■ About this exercise ■
Please retype the listing below exactly as it stands, skipping any pictures.

■ Given material ■
▬▬▬

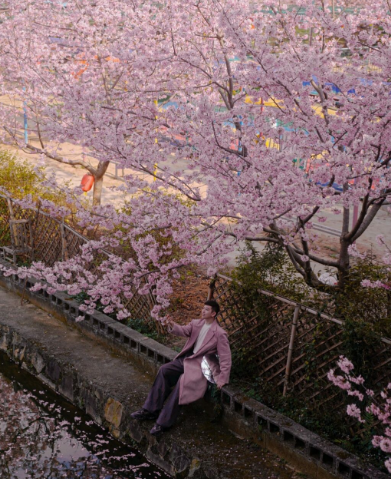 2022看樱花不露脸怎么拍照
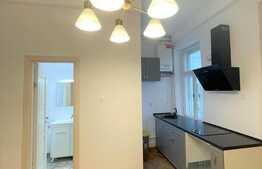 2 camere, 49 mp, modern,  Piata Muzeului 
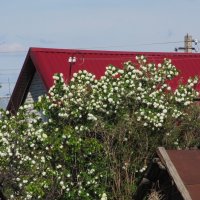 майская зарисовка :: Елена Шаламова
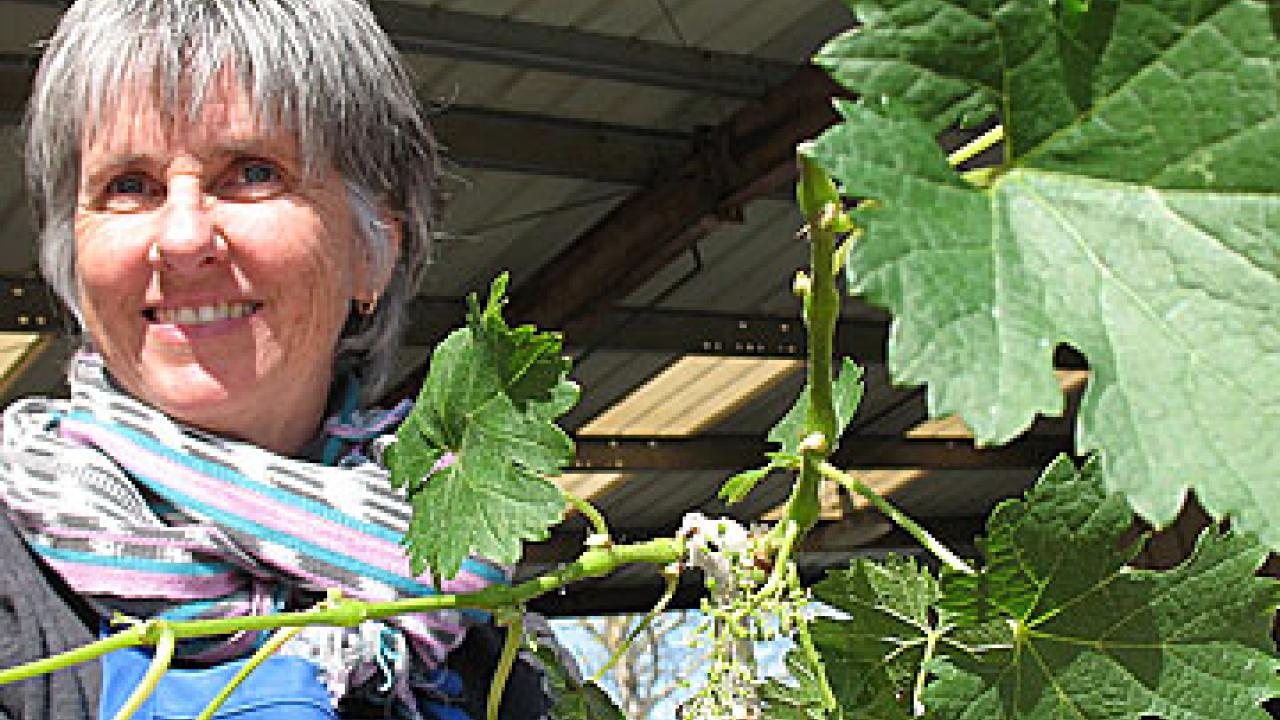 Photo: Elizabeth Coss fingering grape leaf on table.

▬▬▬

■ Solution to the exercise ■
 2022看樱花不露脸怎么拍照
 2 camere, 49 mp, modern,  Piata Muzeului 
 майская зарисовка :: Елена Шаламова
 Photo: Elizabeth Coss fingering grape leaf on table.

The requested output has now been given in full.